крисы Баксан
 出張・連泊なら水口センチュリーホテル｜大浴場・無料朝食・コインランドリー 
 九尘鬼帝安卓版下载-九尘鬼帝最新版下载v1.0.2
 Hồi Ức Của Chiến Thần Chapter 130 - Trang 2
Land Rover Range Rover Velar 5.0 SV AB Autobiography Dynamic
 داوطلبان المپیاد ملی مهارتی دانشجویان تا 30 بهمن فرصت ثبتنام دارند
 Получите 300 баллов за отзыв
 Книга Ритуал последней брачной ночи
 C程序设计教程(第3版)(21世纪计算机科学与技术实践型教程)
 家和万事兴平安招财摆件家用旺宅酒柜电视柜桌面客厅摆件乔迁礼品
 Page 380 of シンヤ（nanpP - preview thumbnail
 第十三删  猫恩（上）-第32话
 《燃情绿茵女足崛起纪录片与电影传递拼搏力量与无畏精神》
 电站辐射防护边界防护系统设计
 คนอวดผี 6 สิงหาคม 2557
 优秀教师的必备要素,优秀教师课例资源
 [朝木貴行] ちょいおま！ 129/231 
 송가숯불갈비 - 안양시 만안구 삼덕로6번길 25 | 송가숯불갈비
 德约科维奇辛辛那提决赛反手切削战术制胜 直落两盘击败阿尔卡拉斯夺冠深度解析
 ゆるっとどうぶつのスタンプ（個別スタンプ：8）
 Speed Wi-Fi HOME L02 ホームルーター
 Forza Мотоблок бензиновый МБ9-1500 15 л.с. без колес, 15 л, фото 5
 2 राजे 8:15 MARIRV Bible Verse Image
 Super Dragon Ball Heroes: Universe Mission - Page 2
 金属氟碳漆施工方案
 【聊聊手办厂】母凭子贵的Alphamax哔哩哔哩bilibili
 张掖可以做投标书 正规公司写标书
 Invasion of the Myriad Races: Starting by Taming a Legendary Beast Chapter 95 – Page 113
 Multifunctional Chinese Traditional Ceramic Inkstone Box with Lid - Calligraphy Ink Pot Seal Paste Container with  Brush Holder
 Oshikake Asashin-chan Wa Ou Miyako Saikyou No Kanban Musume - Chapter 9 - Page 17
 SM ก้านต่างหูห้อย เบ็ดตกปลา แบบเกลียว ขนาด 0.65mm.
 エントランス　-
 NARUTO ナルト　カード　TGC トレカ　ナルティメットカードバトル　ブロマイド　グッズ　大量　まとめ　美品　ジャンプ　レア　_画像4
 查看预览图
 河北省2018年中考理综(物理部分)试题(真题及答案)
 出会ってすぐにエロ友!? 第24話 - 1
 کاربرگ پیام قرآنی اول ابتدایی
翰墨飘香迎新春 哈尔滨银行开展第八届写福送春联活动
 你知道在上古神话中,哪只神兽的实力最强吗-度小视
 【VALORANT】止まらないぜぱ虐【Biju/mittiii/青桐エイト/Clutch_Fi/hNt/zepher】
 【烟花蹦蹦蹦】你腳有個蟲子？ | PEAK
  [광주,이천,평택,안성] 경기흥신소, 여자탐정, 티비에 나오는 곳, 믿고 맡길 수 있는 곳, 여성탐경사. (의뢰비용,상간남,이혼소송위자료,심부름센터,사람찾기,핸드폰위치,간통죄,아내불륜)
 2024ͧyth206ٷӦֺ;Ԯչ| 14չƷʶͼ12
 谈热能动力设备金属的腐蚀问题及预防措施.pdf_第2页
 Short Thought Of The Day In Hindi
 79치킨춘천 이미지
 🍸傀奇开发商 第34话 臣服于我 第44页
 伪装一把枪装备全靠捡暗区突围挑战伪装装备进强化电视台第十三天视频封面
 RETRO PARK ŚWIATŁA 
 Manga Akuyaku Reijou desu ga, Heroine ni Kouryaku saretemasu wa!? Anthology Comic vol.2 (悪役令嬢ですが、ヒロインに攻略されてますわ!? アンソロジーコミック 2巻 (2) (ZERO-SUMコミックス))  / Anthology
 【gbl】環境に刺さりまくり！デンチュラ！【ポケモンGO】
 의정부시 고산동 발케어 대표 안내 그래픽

---

* [TASK REQUIREMENTS]: All lines of the listing that contain the word "Page" should be copied out.

* [WRITTEN RESPONSE]:
 Page 380 of シンヤ（nanpP - preview thumbnail
 Super Dragon Ball Heroes: Universe Mission - Page 2
 Invasion of the Myriad Races: Starting by Taming a Legendary Beast Chapter 95 – Page 113
 Oshikake Asashin-chan Wa Ou Miyako Saikyou No Kanban Musume - Chapter 9 - Page 17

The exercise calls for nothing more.